Wie beurteilen Sie den Streit um die Regulierung der Plattformen?

Bei Facebook könnte ich mir vorstellen, dass es Konkurrenz geben kann. Bei Google mit seinen Suchalgorithmen bin ich skeptisch. Was ich für heikel halte, ist die anonyme Nutzung. Ich sehe das Problem in autoritären Staaten. Die Gesellschaft muss sich auch was einfallen lassen, wie sie mit Verbrechen in dem Umfeld umgehen will. Mit Blick auf die Marktmacht, das wird schwierig. Ich mag globale Unternehmen, denn das Netz ist global, zugleich sind sie dann eben zu mächtig. Sinnvoll wäre gewesen, wenn die EU vor 10 Jahren gesagt hätte, wir machen eigene Programme. Es ist ein bisschen scheinheilig, dass alle Microsoft einsetzen, aber zugleich beklagen, dass Microsoft ihre Daten verarbeitet.
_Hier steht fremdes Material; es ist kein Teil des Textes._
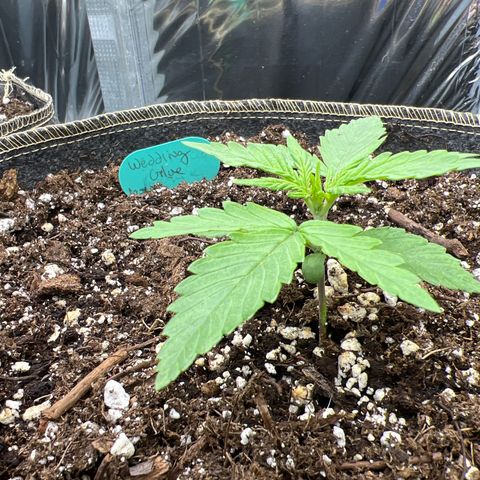 Wedding Glue Auto growlog timeline photo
Was würde Interoperabilität im Digital Market Act bringen? Standardschnittstellen, die Portabilität und auch den Austausch etwa von Messages oder Ähnliches erzwingt? Ist Interoperabilität ein gutes Tool gegen Marktkonzentration?
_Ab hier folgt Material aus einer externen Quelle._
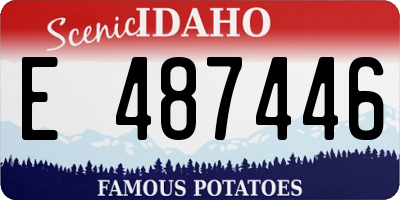 ID license plate E487446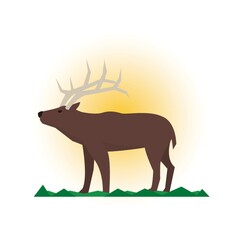 Reindeer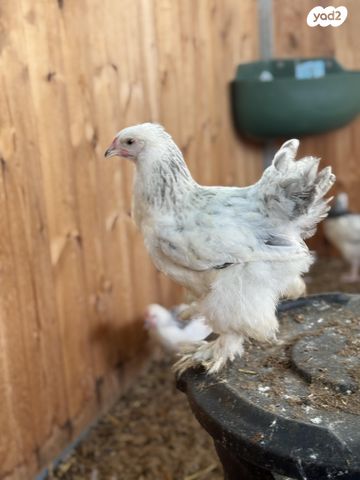 חיית משק ברהמה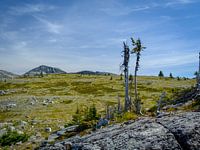 Surreal landscape in Wells Gray Provincial Park
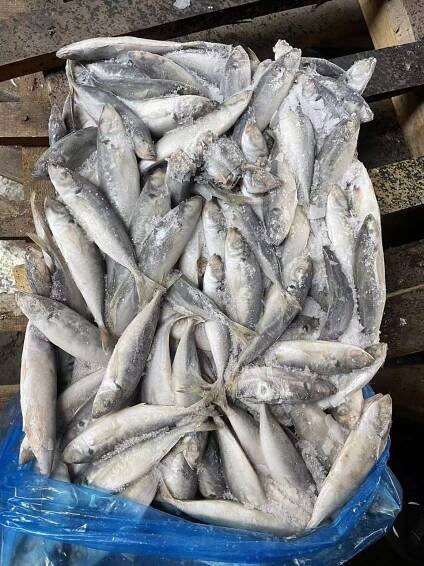 Frozen Horse Mackerel/ Trachurus Trachurus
Ich denke schon, das wäre eine sinnvolle Lösung, weil der Umzug von einer Plattform zur alternativen dann einfacher wäre. Die DSGVO geht ja ein wenig diesen Weg. Offengelegte Schnittstellen wären auch gut, dann könnte man notfalls auch etwas eigenes programmieren. Wie erfolgversprechend das sein kann, da bin ich allerdings nicht ganz sicher.
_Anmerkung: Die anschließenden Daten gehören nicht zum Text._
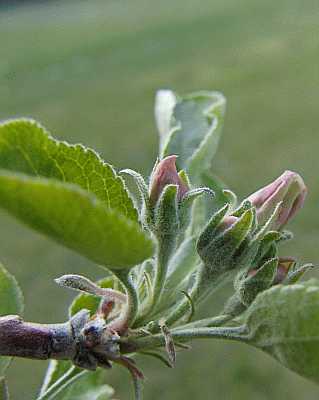 Apple Flower Bud Poster - No Verse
Wenn man das Internet gestern und heute vergleicht, was ist der größte Unterschied?

Ich finde super toll, dass es in unseren Gesellschaften für jeden zur Verfügung steht. Man redet zwar immer so viel von den Hasstiraden, aber die allermeisten benutzen das Netz ja friedlich. Ich hätte nie gedacht, dass ich mal mit meinen über 80-jährigen Eltern über E-Mail kommuniziere oder per Skype pandemische Weihnachten feiere. Das ist sehr viel wert. Was ich vermisse, ist die Kollegialität. Klar, je größer das wird, desto weniger kennt man sich. Was mich auch nervt, sind die vielen Sicherheitsmaßnahmen, die man heute als Provider treffen muss. Das hält von der eigentlichen Arbeit ab und man hinkt den Angreifern einfach immer hinterher. Ich betreibe also einen Riesenaufwand zur Absicherung, aber der eigentliche Nutzeffekt bleibt der gleiche, denn ich verschicke anschließend immer noch E-Mail. Früher hat man sich zu wenig Gedanken gemacht. Dass die Sicherheit heute immer der erste Gedanke ist, das ist schade und trifft uns als Provider. Eine Sache geht mir heute auch ab im Vergleich zu früher. Man konnte früher die Leute mit dem Herstellen von Konnektivität echt glücklich machen. Nach der Wende haben wir eine Modemverbindung von der FU nach Magdeburg aufgebaut. Der DAAD hat das Modem gespendet – und die in Magdeburg waren so happy, dass sie endlich eine Verbindung in den Westen hatten. Die Mails, die wir da bekommen haben! Wir haben uns über Jahre getroffen. Man hatte menschliche Erfolgserlebnisse, nicht nur technische.

Frau Heinau, vielen Dank für das Gespräch.